AIM OF THE EXERCISE:
Where a picture appears, skip it and copy everything else in the listing exactly.

- - - -

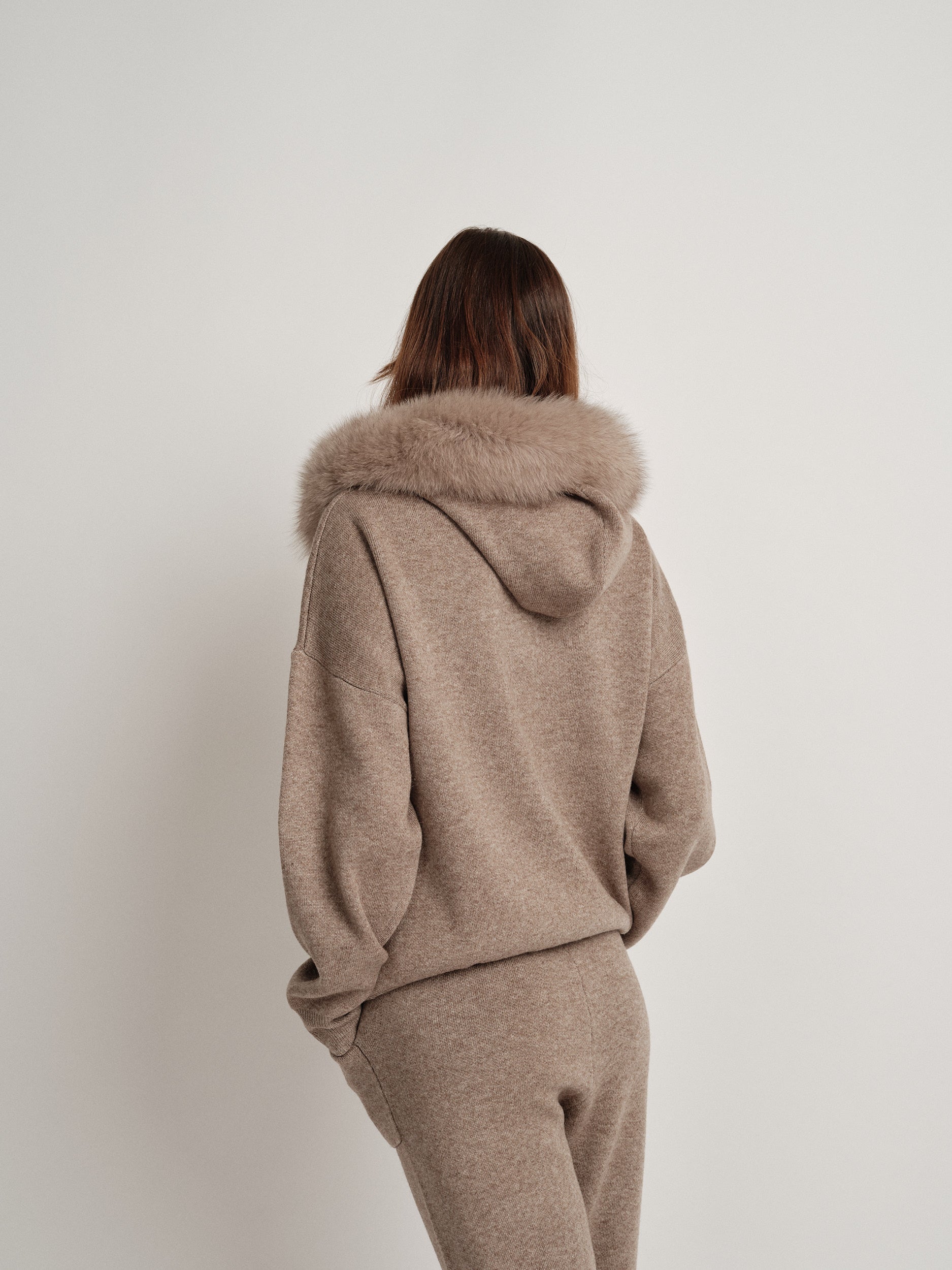 Mono beige mezcla de lana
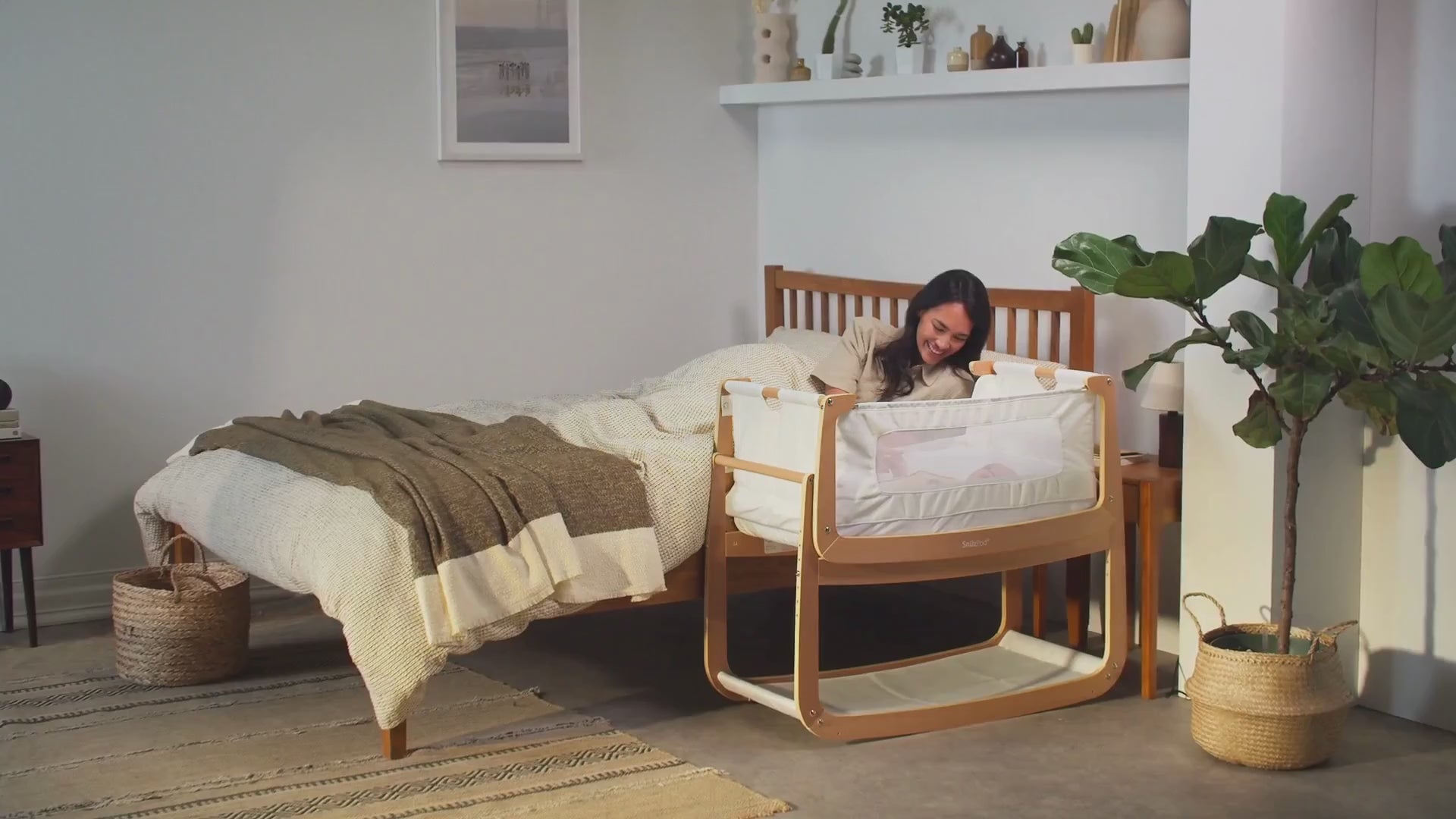 Snuz SnuzPod4 Bedside Crib - Video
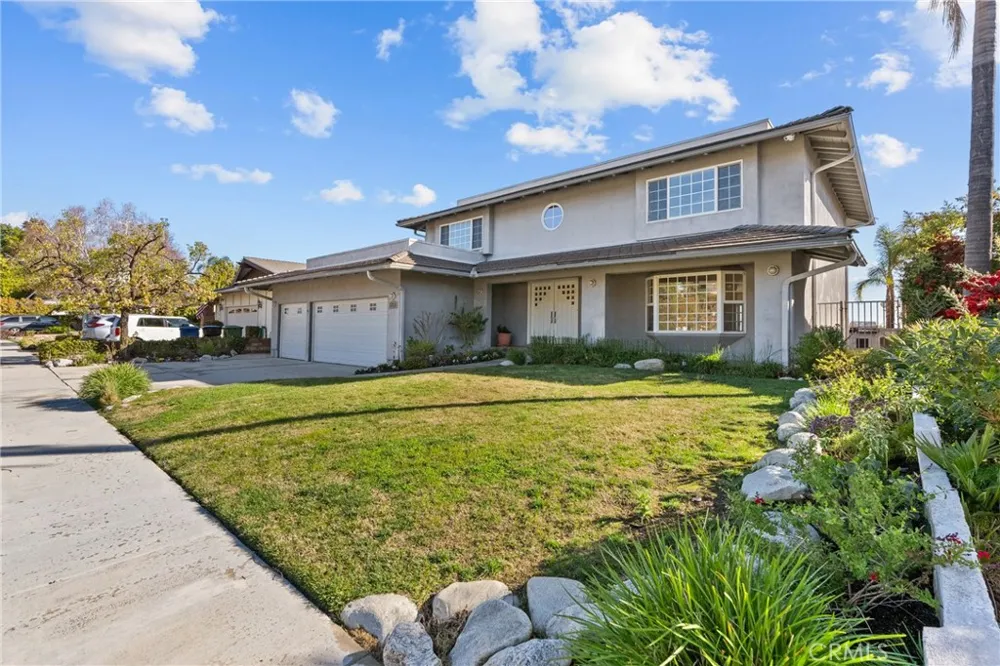 6758 Julie West Hills, CA 91307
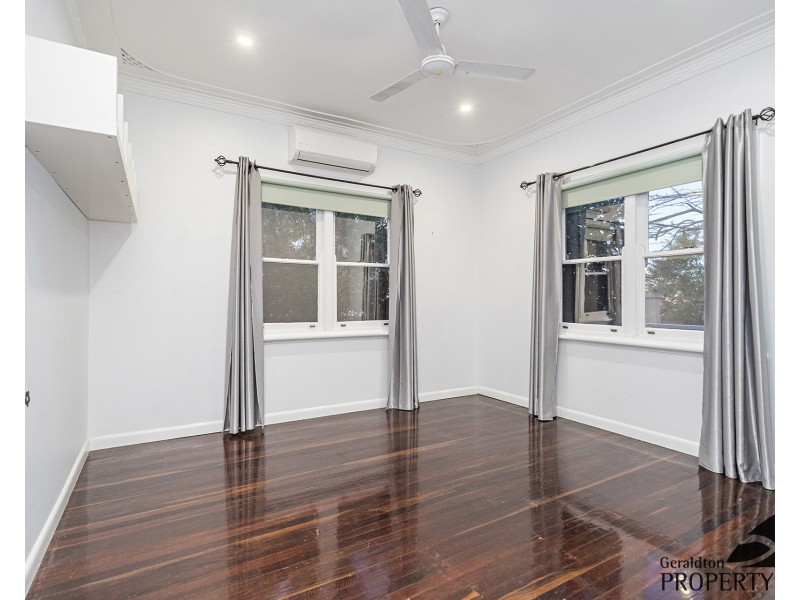 10 Fuller Street, Bluff Point WA 6530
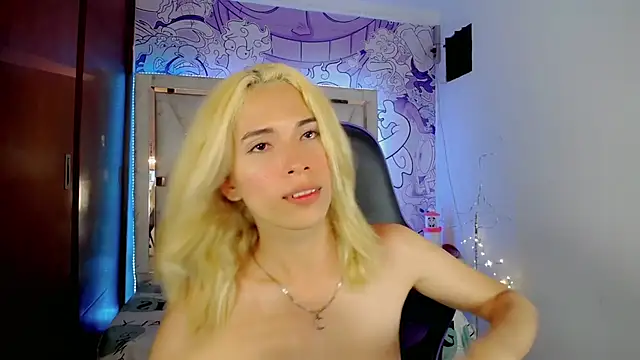 Larry_craft webcam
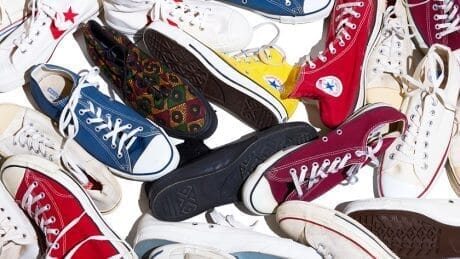 もはや絶滅危惧種!? アメリカ製コンバースをハグレが大量発掘。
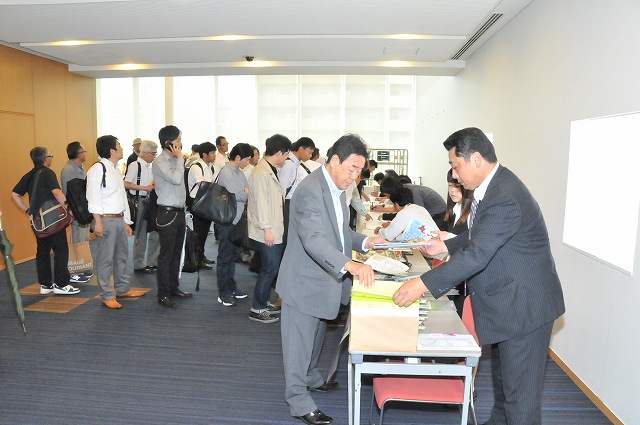 受付風景 | 2017/06/07 福岡フォーラム | 一般社団法人コンクリートメンテナンス協会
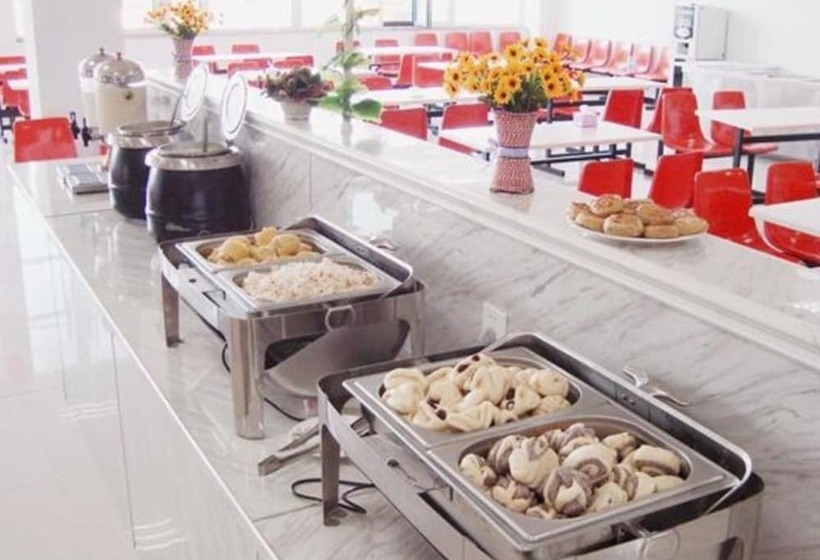 Отель Greentree Inn Hebei Zhangjiakou Wuyi East Street Jianxing Express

- - - -

EXPECTED ANSWER:
 Mono beige mezcla de lana
 Snuz SnuzPod4 Bedside Crib - Video
 6758 Julie West Hills, CA 91307
 10 Fuller Street, Bluff Point WA 6530
 Larry_craft webcam
 もはや絶滅危惧種!? アメリカ製コンバースをハグレが大量発掘。
 受付風景 | 2017/06/07 福岡フォーラム | 一般社団法人コンクリートメンテナンス協会
 Отель Greentree Inn Hebei Zhangjiakou Wuyi East Street Jianxing Express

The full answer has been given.